Bidirectional Regulation of Neuronal Nitric-oxide Synthase Phosphorylation at Serine 847 by the N-Methyl-d-aspartate Receptor

• Published in: The Journal of biological chemistry Vol. 279; no. 14; pp. 14307 - 14314
• Main Authors: Rameau, Gerald A, Chiu, Ling-Yu, Ziff, Edward B
• Format: Journal Article
• Language: English
• Published: United States American Society for Biochemistry and Molecular Biology 02.04.2004
• Subjects: Animals; Calcium-Calmodulin-Dependent Protein Kinase Type 2; Calcium-Calmodulin-Dependent Protein Kinases - metabolism; Cells, Cultured; Cerebral Cortex - cytology; Glutamic Acid - metabolism; Hippocampus - cytology; Neuronal Plasticity - physiology; Neurons - cytology; Neurons - enzymology; Nitric Oxide Synthase - metabolism; Nitric Oxide Synthase Type I; Phosphoprotein Phosphatases - metabolism; Phosphorylation; Protein Phosphatase 1; Rats; Receptors, N-Methyl-D-Aspartate - metabolism; Serine - metabolism; Synapses - enzymology
• ISSN: 0021-9258; 1083-351X
• DOI: 10.1074/jbc.M311103200

At glutamatergic synapses, the scaffolding protein PSD95 links the neuronal isoform of nitric-oxide synthase (nNOS) to the N -methyl- d -aspartate (NMDA) receptor.

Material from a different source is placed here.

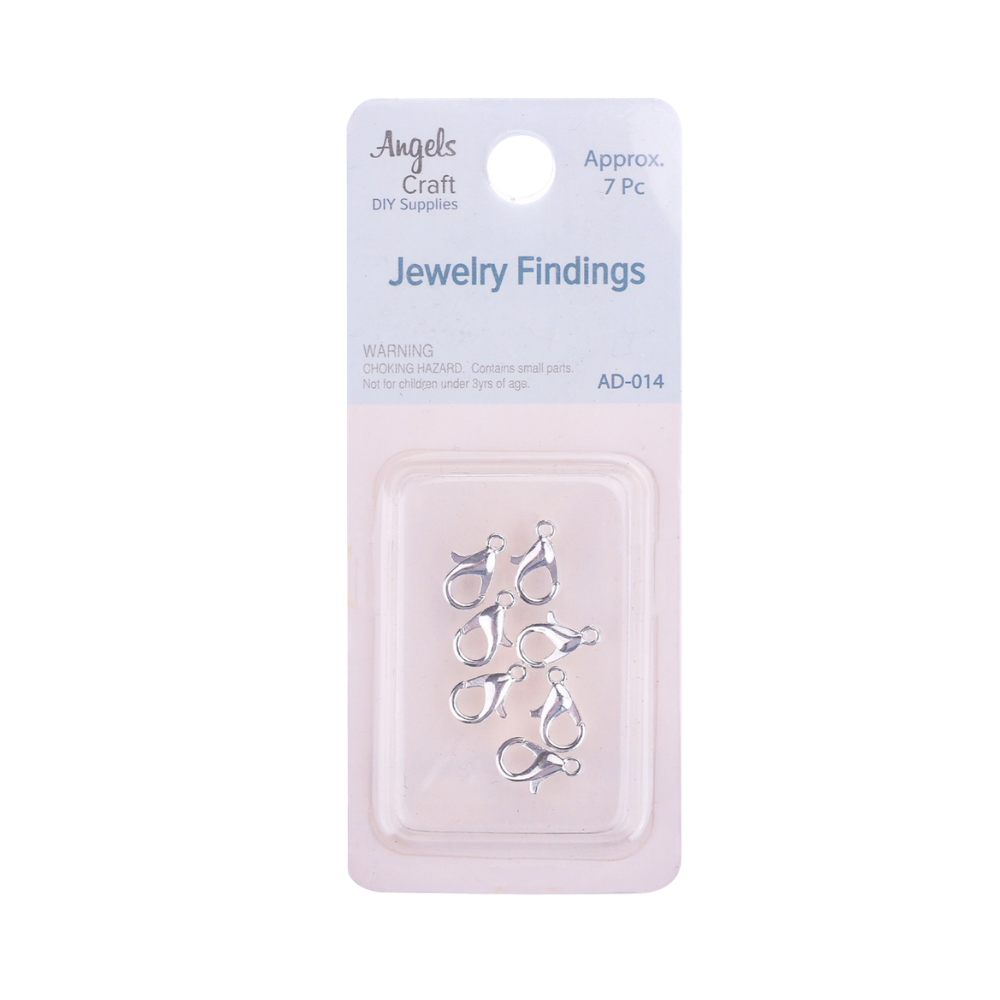 Alloy Lobster Clasps – Silver – 7 Count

Phosphorylation of nNOS at serine 847 (Ser 847 ) by the calcium-calmodulin protein kinase II (CaMKII) inhibits nNOS activity, possibly by blocking the binding of Ca 2+ -CaM. Here we show that the NMDA mediates a novel bidirectional regulation of Ser 847 phosphorylation. nNOS phosphorylated at Ser 847 colocalizes with the NMDA receptor at spines of cultured hippocampal neurons. Treatment of neurons with 5 μ m glutamate stimulated CaMKII phosphorylation of nNOS at Ser 847 , whereas excitotoxic concentrations of glutamate, 100 and 500 μ m , induced Ser 847 -PO 4 dephosphorylation by protein phosphatase 1. Strong NMDA receptor stimulation was likely to activate nNOS under these conditions because protein nitration to form nitrotyrosine, a marker of nNOS activity, correlated in individual neurons with Ser 847 -PO 4 dephosphorylation. Of particular note, stimulation with low glutamate that increased phosphorylation of nNOS at Ser 847 could be reversed by subsequent high glutamate treatment which induced dephosphorylation. The reversibility of NMDA receptor-induced phosphorylation at Ser 847 by different doses of glutamate suggests two mechanisms with opposite effects: 1) a time-dependent negative feedback induced by physiological concentrations of glutamate that limits nNOS activation and precludes the overproduction of NO; and 2) a pathological stimulation by high concentrations of glutamate that leads to unregulated nNOS activation and production of toxic levels of NO. These mechanisms may share pathways, respectively, with NMDA receptor-induced forms of synaptic plasticity and excitotoxicity.